Plusieurs séries ont vu le jour ce qui atteste du succès de l’opération. On dénombre une gamme d’ancêtres automobiles (4 modèles), de voitures de course (10 modèles) de voitures de tourisme (plusieurs séries distinctes). Un constat s’impose. Plus les séries sont récentes, plus l’échelle de reproduction se rapproche du 1/43 et plus les modèles sont rares !

On peut en déduire que le succès s’est émoussé au bout d’un certain temps et que la dernière série a été produite en quantité moindre.

Panda en Finlande

Ne cherchez pas dans les livres consacrés aux animaux, vous ne trouverez pas la trace de cette variété particulière. Les seuls pandas qu’on peut rencontrer en Finlande sont au zoo ou dans les boulangeries ! C’est en effet sous cette marque que fut commercialisé un bonbon de chocolat.

Panda en Finlande
Peugeot 404

Ma première rencontre avec les « Panda(s) » remonte à 25 ans. Cela se passe à Göteborg. C’était bien le seul endroit où les collectionneurs finlandais s’aventuraient. Au début de mes expéditions nordiques, un collectionneur finlandais m’avait donné des informations sur la provenance de cette série.

Quelle surprise de trouver en Finlande la reproduction d’une Dauphine, d’une 403 d’une DS19 ou encore d’une 404. J ‘ai fait découvrir à quelques clients ces modèles totalement inconnus chez nous…et plus généralement en dehors de la Finlande !

Un événement a beaucoup contribué à la diffusion de ces jouets. Comme je l’ai déjà raconté avec le blog sur les véhicules aux couleurs Paulig, firme finlandaise, produits par Tekno, j’avais fait la connaissance au magasin d’un journaliste finlandais qui venait de temps en temps dans la capitale pour son travail. Je lui avais demandé d’essayer de me trouver ce type de jouets. Malheureusement, son travail l’amenait plus souvent à Londres qu’à Paris. C’est pourquoi il avait vendu quelques modèles à Michael Rooum qui tenait à Londres un très beau magasin de miniatures, permettant ainsi aux Anglais de découvrir ces jouets. Si chez nous les autos françaises emportaient logiquement l’adhésion des collectionneurs, les très nombreuses reproductions d’autos anglaises comblèrent les amateurs britanniques avides de modèles peu fréquents.

Il n’y avait pas internet à l’époque et l’accès à l’information était moins aisé. Il est toujours difficile de s’intéresser à une firme de jouets lorsque l’on a peu d’informations, et à l’époque, mes amis finlandais étaient bien incapables de me dresser une liste de la production ! Au fil de mes voyages j’ai fait des découvertes, ce qui est un des charmes de la collection. Pas plus tard que ce mois d’avril 2013, j’ai pu ajouter une autre auto dans mes vitrines en même temps que j’apprenais son existence !

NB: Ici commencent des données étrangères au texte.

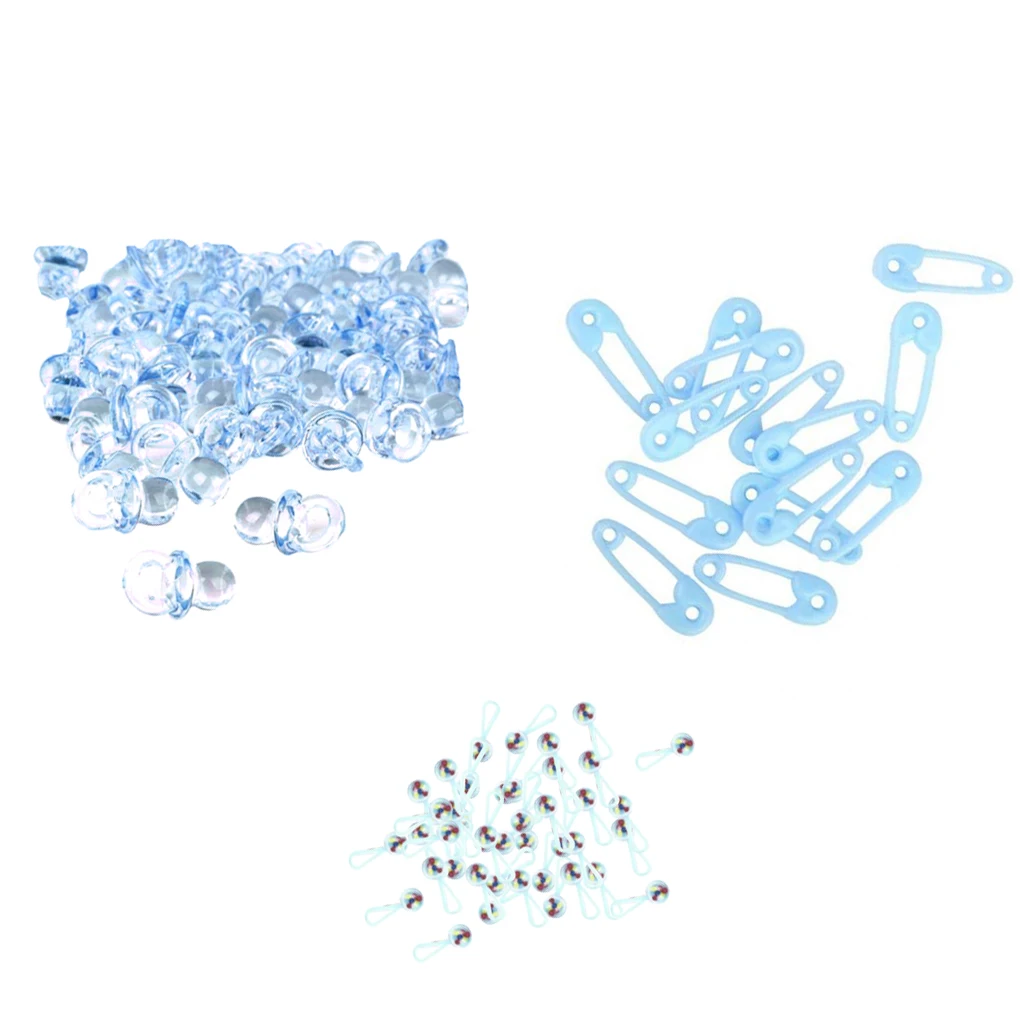 150pcs Blue Mini Rattles Safety Pins Pacifier Charms Table Scatters Decoration Christening Baby Shower Supplies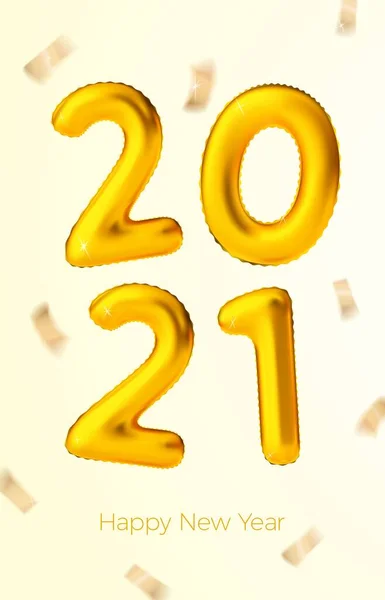 Διάνυσμα νέο έτος χρυσά μπαλόνια με αριθμό 2021 — Διανυσματικό Αρχείο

Un dernier facteur entre en ligne de compte expliquant le fait que cette firme resta dans l’ombre. Il y a 25 ans, ce type de modèles se négociait à des prix bas, ce qui n’a pas stimulé les Finlandais dans la quête des modèles Panda.

Désormais, la notoriété est arrivée par l’internet et les prix ont bien monté. Comme souvent, lorsque les prix s’envolent, le matériel refait surface.